Google said today it is testing end-to-end encryption for RCS-based group chats on its Messages app — RCS stands for Rich Communication Services. The company noted that it will be rolling out this feature to select users that are part of the app’s open beta program in the coming weeks.
This comes after a bunch of Redditors noticed that Google was testing end-to-end encryption for group chats in October. The company’s latest announcement makes it official.
The search giant first started testing end-to-end encryption for individual RCS chats in 2020. In June, it rolled out the feature to all users of its Messages app.

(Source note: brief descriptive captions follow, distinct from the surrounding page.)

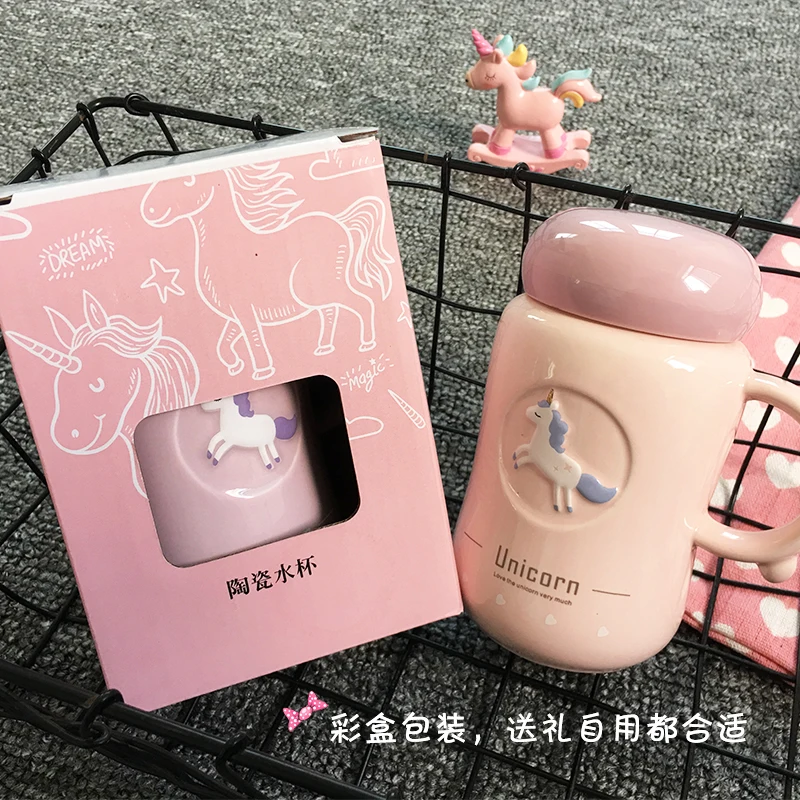 Носорог кружка керамическая чашка для воды с крышкой прекрасный корейский
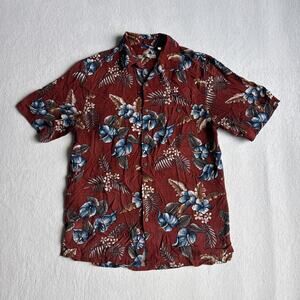 Batik Bay Mens Small Hawaiian Shirt Red Floral Tropical Short Sleeve Summer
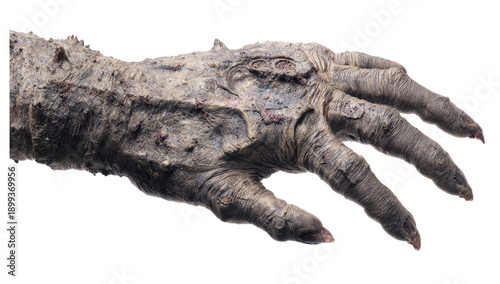 A grotesque, decaying hand, covered in grime and blood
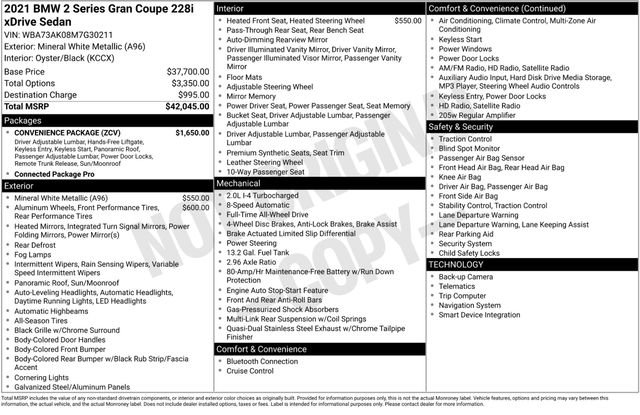 Used 2021 BMW 228i xDrive Gran Coupe 228i xDrive w/ Convenience Package image 5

Google has been pushing manufacturers and carriers to adopt RCS — a hypercharged version of SMS with features like typing indicators, delivery, and read receipts. It has been also running campaigns to convince Apple to adopt this standard for its own Messages app. This way, folks using Android would be able to send rich multimedia messages with better photos and videos to their friends using iPhones.
While Apple hasn’t budged yet, Google didn’t miss a chance to nudge the Cupertino-based tech giant once again with the new announcement.
“Today, all of the major mobile carriers and manufacturers have adopted RCS as the standard – except for Apple. Apple refuses to adopt RCS and continues to rely on SMS when people with iPhones message people with Android phones, which means their texting is stuck in the 1990s,” Neena Budhiraja, group product manager for the Messages app, said in a blog post.
“Hopefully, Apple can #GetTheMessage so we don’t have to keep waiting to remove the whole ‘green-versus-blue bubble’ thing. Happy birthday, SMS – you were a great start, and you had a good run, but everyone is ready for an upgrade.”
Google has also tried to bridge the experience across two operating systems by adding features like reaction support for iPhone texts.